Even so, the Russians can claim a lot of successes at the moon. They were the first to fly by the moon (in reality they meant to hit it and missed) They were the first to crash into the moon, they were the first to take pictures of the far side of the moon, the first to have a successful soft landing on the moon's surface, and they had the first rovers on the moon, a mission (Lunakhod) with which The Russian was very involved. And after Apollo 11 the Russians did return successfully to the moon many times, bringing back several hundred grams of sample from various places on the lunar surface. For comparison, the USA brought back several hundred KILOgrams of moon sample from Apollo 11, 12, 14, 15, 16, and 17.

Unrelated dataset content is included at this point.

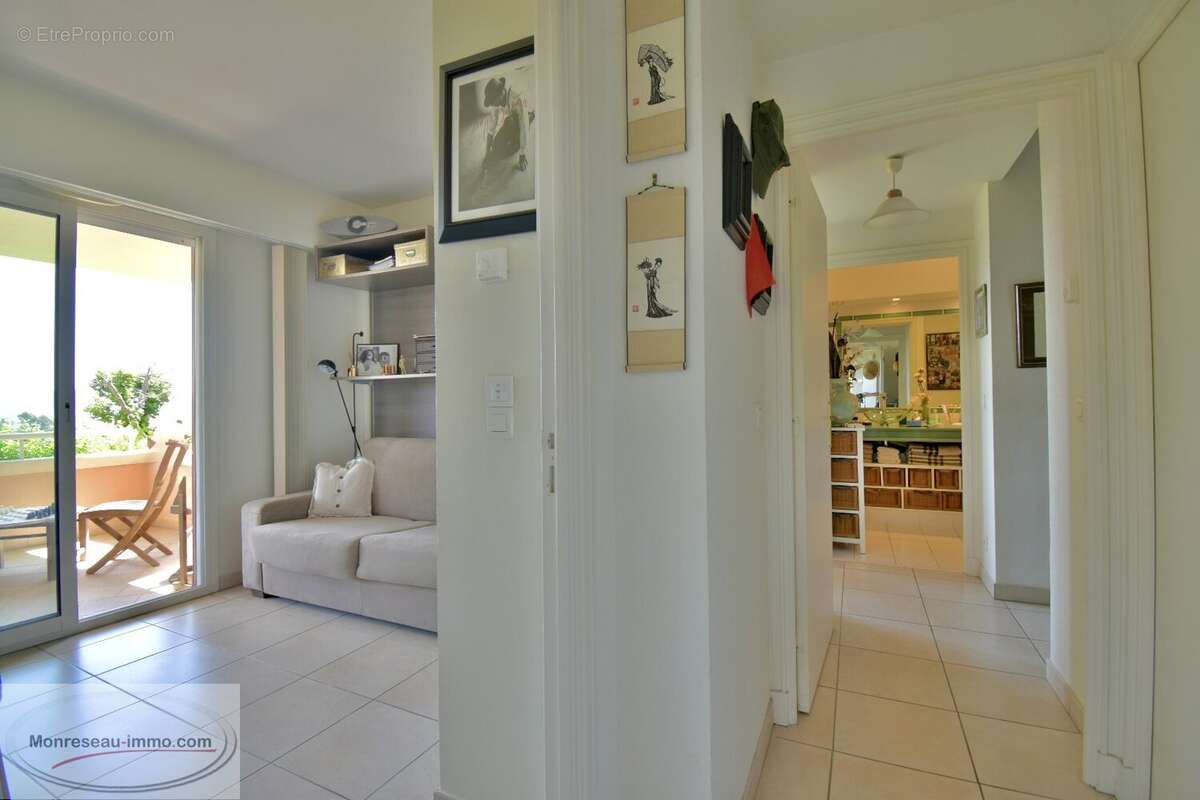 Appartement à MANDELIEU-LA-NAPOULE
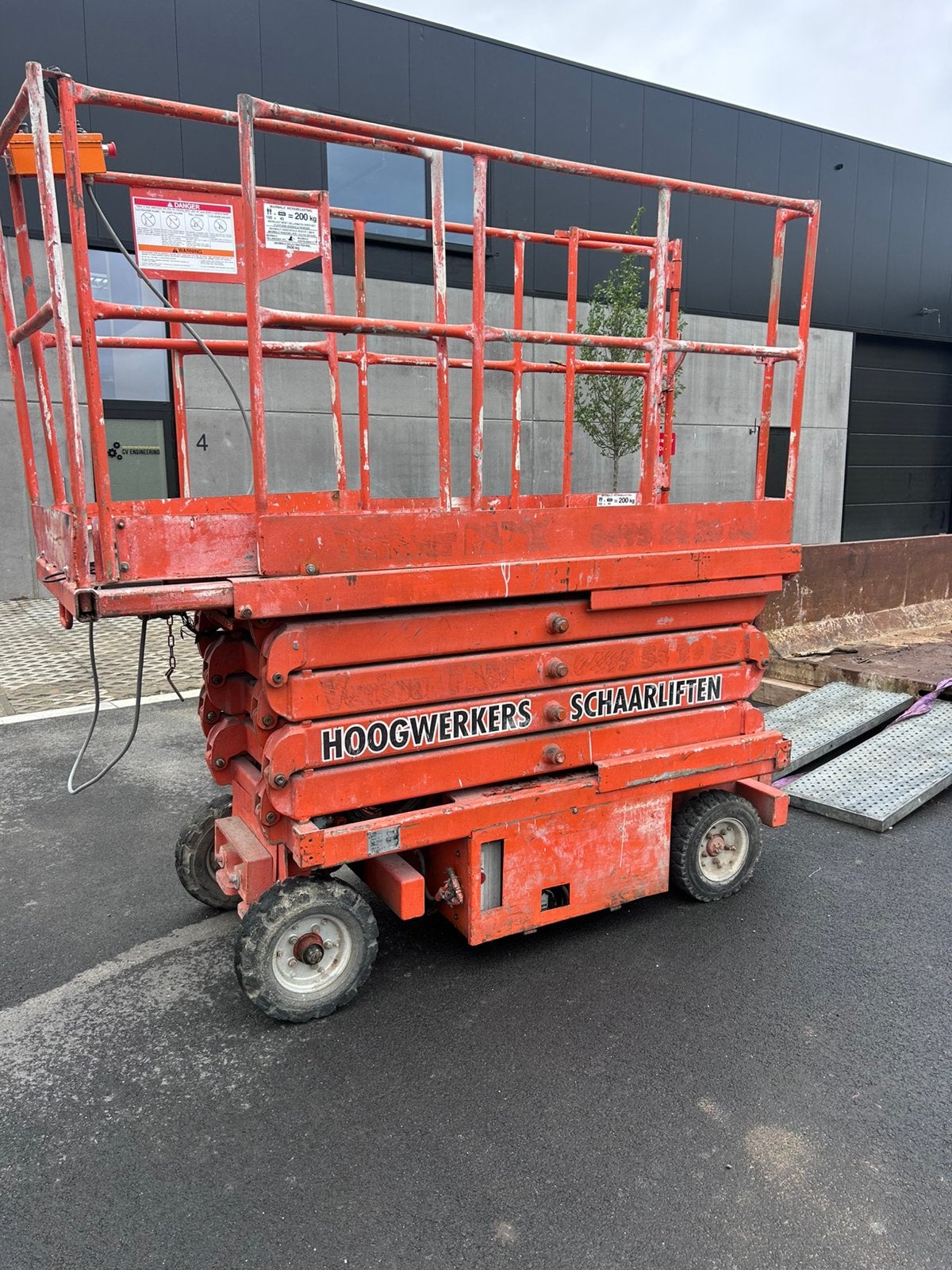 Hoogtewerker, Ophalen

Ironically, soon after the space race ended, scientists from the two countries reached a little agreement where they would trade and share all of their moon rocks so that everyone could have a better understanding of the evolution of the whole moon. Nobody stopped them because going to the moon wasn't even about science in the first place, so what's the harm? They even later used extra parts from Apollo to launch some joint Soviet/American space ventures later on.
Those nutty scientists, always collaborating with others, not caring if they are filthy communists, what are we going to do with them?